## Task objective
In the records below, find the line that contains "uma casa de" and the line that contains "a living room", then retype exactly those two lines and every line between them.

Short text fragments from websites
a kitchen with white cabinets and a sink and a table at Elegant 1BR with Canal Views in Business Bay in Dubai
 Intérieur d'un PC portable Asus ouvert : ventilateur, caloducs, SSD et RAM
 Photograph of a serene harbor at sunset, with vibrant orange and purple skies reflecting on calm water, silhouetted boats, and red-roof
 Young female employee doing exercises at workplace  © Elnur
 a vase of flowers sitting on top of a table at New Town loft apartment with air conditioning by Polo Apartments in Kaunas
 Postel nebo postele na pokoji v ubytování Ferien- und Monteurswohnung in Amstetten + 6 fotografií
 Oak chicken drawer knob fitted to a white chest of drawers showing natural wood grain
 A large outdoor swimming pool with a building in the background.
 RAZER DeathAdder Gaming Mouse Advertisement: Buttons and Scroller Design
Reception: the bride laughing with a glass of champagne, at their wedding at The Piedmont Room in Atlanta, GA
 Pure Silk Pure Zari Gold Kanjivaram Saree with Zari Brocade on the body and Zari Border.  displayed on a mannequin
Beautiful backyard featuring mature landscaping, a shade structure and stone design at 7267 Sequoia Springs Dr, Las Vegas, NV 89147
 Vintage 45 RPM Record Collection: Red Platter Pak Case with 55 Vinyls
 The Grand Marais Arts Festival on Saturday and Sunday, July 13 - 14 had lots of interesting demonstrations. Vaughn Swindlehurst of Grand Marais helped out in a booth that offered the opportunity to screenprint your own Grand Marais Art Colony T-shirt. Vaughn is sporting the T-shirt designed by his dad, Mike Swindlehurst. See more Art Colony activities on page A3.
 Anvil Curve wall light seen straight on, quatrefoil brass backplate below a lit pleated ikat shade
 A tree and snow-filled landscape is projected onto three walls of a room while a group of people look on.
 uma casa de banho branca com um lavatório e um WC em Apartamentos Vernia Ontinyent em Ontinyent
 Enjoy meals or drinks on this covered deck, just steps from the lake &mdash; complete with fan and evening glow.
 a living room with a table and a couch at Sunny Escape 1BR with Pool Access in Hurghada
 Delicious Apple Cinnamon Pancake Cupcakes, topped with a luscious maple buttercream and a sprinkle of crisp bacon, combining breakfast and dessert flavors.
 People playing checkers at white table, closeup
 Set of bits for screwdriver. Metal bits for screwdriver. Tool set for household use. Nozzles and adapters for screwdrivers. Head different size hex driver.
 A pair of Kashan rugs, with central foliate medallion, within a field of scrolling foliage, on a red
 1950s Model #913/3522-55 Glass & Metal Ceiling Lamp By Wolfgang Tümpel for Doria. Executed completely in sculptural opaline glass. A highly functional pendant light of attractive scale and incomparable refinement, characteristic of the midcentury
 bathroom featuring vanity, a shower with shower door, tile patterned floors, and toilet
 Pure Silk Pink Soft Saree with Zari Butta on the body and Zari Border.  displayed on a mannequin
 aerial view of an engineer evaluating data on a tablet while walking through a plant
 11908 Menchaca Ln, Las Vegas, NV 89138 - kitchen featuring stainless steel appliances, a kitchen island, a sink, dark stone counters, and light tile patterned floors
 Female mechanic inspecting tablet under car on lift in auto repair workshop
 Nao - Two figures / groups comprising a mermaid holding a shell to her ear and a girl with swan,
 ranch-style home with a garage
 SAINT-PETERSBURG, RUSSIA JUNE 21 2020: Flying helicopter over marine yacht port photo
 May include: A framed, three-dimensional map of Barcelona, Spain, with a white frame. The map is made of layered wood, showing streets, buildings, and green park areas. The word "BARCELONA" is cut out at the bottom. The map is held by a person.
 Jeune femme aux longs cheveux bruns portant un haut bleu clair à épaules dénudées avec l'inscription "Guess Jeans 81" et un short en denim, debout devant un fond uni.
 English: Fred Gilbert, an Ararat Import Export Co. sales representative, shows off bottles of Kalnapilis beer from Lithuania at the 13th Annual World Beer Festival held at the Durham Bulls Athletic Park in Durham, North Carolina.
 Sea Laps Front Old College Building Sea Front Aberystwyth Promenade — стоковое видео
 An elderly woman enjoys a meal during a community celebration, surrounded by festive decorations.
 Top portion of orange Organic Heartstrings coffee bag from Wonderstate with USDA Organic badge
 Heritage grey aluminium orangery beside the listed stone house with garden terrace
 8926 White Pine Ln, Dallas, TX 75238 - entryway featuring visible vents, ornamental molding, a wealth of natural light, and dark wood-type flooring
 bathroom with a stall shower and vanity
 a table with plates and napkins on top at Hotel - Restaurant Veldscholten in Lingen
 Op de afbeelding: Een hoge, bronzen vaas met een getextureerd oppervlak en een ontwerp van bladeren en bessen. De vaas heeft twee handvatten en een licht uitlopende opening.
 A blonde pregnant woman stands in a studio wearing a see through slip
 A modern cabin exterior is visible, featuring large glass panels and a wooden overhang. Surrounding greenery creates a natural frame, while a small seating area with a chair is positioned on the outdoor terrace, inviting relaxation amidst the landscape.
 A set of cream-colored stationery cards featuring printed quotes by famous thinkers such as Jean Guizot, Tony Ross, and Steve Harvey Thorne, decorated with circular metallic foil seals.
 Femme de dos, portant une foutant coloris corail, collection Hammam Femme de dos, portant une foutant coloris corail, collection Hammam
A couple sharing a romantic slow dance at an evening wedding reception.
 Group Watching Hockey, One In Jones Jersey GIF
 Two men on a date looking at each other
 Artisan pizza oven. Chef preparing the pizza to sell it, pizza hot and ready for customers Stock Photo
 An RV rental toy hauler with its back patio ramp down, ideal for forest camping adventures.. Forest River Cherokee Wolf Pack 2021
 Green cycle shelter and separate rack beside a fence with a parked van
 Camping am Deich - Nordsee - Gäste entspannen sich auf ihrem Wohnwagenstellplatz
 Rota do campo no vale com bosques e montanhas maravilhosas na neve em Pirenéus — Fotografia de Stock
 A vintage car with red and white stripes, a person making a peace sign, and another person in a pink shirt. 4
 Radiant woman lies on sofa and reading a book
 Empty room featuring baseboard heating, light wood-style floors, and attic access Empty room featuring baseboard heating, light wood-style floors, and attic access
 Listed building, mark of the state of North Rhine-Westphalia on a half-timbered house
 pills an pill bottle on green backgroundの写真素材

## Finished exercise
 uma casa de banho branca com um lavatório e um WC em Apartamentos Vernia Ontinyent em Ontinyent
 Enjoy meals or drinks on this covered deck, just steps from the lake &mdash; complete with fan and evening glow.
 a living room with a table and a couch at Sunny Escape 1BR with Pool Access in Hurghada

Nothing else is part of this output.